NewTuscia – VETRALLA – Riceviamo e pubblichiamo.

Lo sport “Tutto” è vita non facciamolo morire

“E’ assurdo che a pagare siano sempre le piccole e medio imprese  – dichiara Gennaro Giardino, da ex coordinatore associazioni sportive, scende in difesa delle stesse contro la chiusura di palestre e piscine.

Non capisco perchè sia stata posta così tanta attenzione sulle palestre, piscine, Bar e ristorazioni che da mesi seguono le norme anticovid.”

Giardino  è preoccupato per il futuro dello sport e delle piccole medio imprese: “questa nuova chiusura porterà al collasso di molte strutture e della chiusura totale di attività commerciali.”

Nelle palestre mi sembra che non sono stati registrati casi di  contagio – sottolinea Giardino. Nella maggior parte delle strutture viene applicato il protocollo dettato dal Governo con la massima attenzione e questo allarmismo sta creando solamente ulteriore diffidenza nelle persone.

Già da settembre si è registrato  un calo nelle varie strutture sportive di una presenza del circa 60% rispetto allo scorso anno. Sono numeri terrificanti. Quindi diffondere messaggi negativi e privi di fondamento non aiuta nessuno.

E’ solo un inutile allarmismo, quando è chiaro a tutti che i luoghi del contagio sono ben altri”.

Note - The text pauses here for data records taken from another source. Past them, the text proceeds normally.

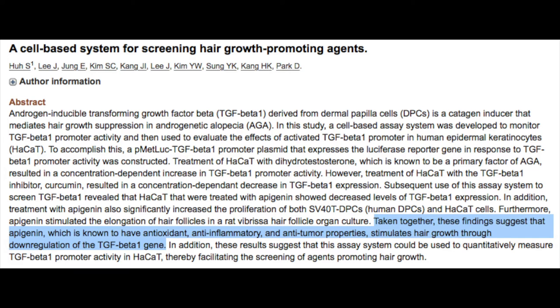In addition to correcting the underlying causative agents like hypothyroidism, one of the other causative agents in fibrosis we want to abolish is transforming growth factor beta-1. According to a cell-based study on hair growth promoting agents, specifically on apigenin, it was found that apigenin — known to have antioxidant, anti-inflammatory, and anti-tumor properties — also stimulates hair growth through the down-regulation of the transforming growth factor beta-1 gene. In other words, apigenin, the major flavonoid in agaricus mushroom, actually helps promote hair growth by down-regulating that anti-hair growth gene, transforming growth factor beta-1.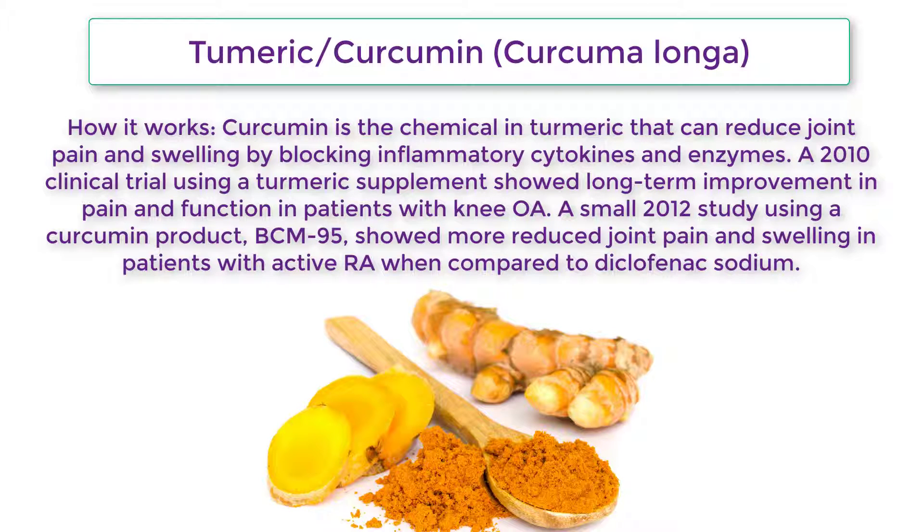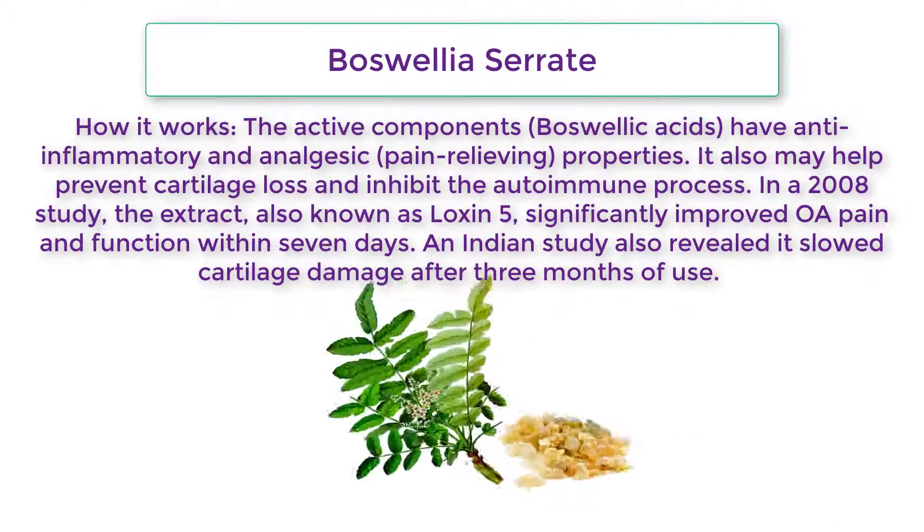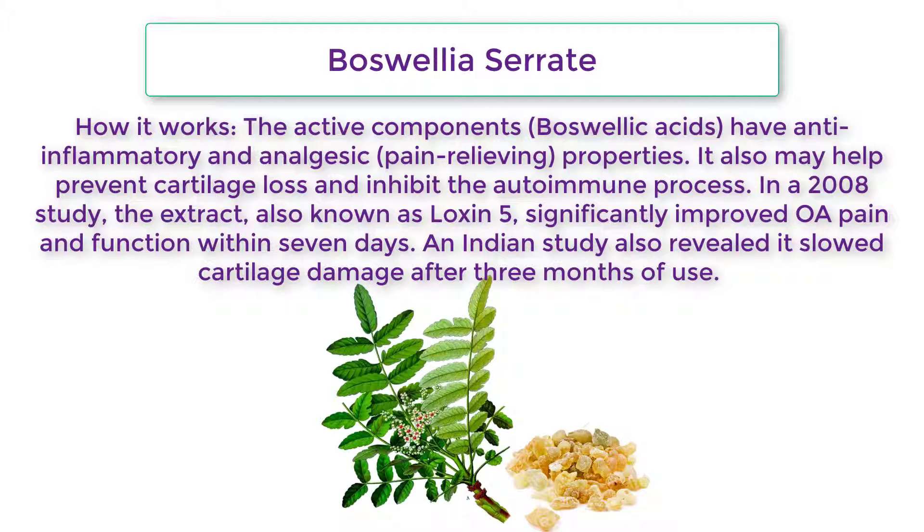Turmeric/Curcumin (Curcuma longa): How it works — Curcumin is the chemical in turmeric that can reduce joint pain and swelling by blocking inflammatory cytokines and enzymes. A 2010 clinical trial using a turmeric supplement showed long-term improvement in pain and function in patients with knee OA. A small 2012 study using a curcumin product BCM-95 showed more reduced joint pain and swelling in patients with active RA when compared to diclofenac sodium.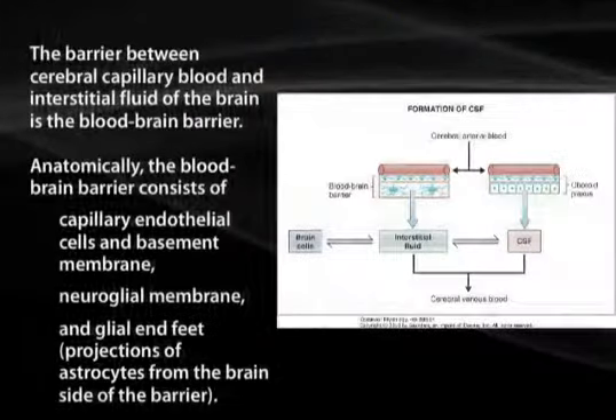The barrier between cerebral capillary blood and interstitial fluid of the brain is the blood-brain barrier. Anatomically, the blood-brain barrier consists of capillary endothelial cells and basement membrane, neuroglial membrane, and glial end feet — projections of astrocytes from the brain side of the barrier.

“Per garantire i massimi livelli di sicurezza ed adeguare le strutture, alle misure anti covid, nelle varie strutture sportive, ristorazioni e bar sono stati investiti molti soldi, ed ora sembrerebbe essere stato tutto inutile? Chi rimborserà le spese che queste strutture hanno investito?

Su quali basi è stata valutata la decisione di lasciare chiuse le palestre, se di controlli non ne vengono fatti?

La preoccupazione di chi gestisce strutture sportive è tanta, in considerazione che settembre e ottobre sono solitamente i mesi in cui si incassa di più.